Como se não tivesse acontecido nada, o rapaz continuou a analisar as inscrições no chão.

Ainda mais irritada, Rosa desferiu um potente chute na bunda dele.

– Hã? – reagiu o rapaz, surpreso com o chute.

– Quando alguém pergunta algo, é de bom tom responder, sabia? – retrucou Rosa.

– Você é um dos cronistas lá de Lirien, não é mesmo? – perguntou Galawel para o rapaz, enquanto analisava o brasão gravado na mochila dele.

– Lirien? Não é aquela vila de elfos p@# no c& que pregam a supremacia élfica e tentam reter todos os conhecimentos para eles?

– Não, Rosa, estes são os elfos de Elandorath. Lirien é aberta a todos que buscam conhecimento. Lá é que fica a grande biblioteca que eu visitei com a mamãe mês passado.

– Exatamente. Eu desconheço o significado dessa expressão usada pela senhorita, mas, de fato, os supremacistas são os nossos primos lá do norte, que, de fato, têm uma atitude execrável – completou o rapaz, enquanto tirava um pequeno caderno e uma pena do seu bolso. – Agora, por favor, poderias me falar mais dessa expressão que usastes? A origem dela, o significado?

– Acredite, eu sei que vocês cronistas gostam de saber de tudo, mas isso é algo que você não precisa perder seu tempo – comentou Gala. – Agora, como devemos chamá‑lo?

– Ah, claro, como pude cometer tal descortesia com belas damas, não é mesmo? Eu sou Elenvar da Casa de Virelle, um dos Guardiões dos Ecos da Vila de Lirien.

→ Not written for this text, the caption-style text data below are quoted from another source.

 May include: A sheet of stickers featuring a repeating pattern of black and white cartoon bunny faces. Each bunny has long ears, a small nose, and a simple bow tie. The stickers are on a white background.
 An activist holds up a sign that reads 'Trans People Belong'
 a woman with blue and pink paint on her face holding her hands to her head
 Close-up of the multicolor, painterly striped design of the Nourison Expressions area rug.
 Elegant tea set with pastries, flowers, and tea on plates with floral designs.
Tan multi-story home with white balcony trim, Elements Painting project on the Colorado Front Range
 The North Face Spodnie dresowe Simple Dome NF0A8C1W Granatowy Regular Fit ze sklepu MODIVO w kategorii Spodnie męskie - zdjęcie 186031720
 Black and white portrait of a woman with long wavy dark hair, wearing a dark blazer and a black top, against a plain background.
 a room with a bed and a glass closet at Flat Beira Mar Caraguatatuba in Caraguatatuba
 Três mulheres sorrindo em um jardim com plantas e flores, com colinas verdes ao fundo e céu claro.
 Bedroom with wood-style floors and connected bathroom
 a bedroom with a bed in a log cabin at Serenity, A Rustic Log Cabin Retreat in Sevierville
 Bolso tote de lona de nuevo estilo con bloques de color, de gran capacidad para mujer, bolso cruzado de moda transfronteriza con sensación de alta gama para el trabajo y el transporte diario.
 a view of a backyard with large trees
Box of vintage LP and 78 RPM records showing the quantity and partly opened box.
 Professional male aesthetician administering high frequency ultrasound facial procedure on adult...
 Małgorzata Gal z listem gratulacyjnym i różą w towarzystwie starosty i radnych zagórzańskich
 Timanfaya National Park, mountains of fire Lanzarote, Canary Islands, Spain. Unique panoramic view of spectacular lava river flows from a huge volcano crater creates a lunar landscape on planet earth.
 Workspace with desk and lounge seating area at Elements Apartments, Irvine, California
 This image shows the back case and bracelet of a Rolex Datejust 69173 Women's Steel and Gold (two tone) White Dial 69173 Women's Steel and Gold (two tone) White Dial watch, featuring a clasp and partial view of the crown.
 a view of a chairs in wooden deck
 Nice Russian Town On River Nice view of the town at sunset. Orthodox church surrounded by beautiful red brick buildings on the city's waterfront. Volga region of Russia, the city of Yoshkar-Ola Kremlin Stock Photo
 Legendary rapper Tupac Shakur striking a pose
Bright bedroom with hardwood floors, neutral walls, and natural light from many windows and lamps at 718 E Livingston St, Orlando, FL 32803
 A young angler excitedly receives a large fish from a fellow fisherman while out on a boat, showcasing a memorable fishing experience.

– Eu achei que tinha conhecido todos os guardiões quando estive recentemente em Lirien – falou Jasmin.

– Vai ver que apenas não te lembras dele – retrucou Rosa.

– Eu me lembraria de um rosto bonitinho, quer dizer, jovem como o dele, irmã.

– Bonitinho? Sei… Ah, a bunda do bonitinho é bem durinha, viu…

Galawel soltou um pigarro bem alto para chamar a atenção das primas.

– Bom, agora que vocês pararam de deixar o rapaz sem graça, podemos ser objetivos? – falou Gala e, naquele momento, as primas sabiam que ela já tinha incorporado o modo capitã da guarda. – Bem, Elenvar, em primeiro lugar, queira desculpar a falta de noção das minhas primas, elas costumam ser mais educadas. E, em segundo lugar, peço desculpas por invocar o seu “ponto fraco”, mas eu vou fazer‑te uma pergunta e gostaria que você respondesse, não como Elenvar, mas como um Guardião do Eco, que não pode mentir quando tem o seu cargo invocado: você está aqui só para investigar as ruínas em nome da missão de vocês de guardar os conhecimentos do mundo ou tens alguma segunda intenção?

– Juro pela minha honra e cargo, senhorita, que estou aqui única e exclusivamente em nome da minha missão.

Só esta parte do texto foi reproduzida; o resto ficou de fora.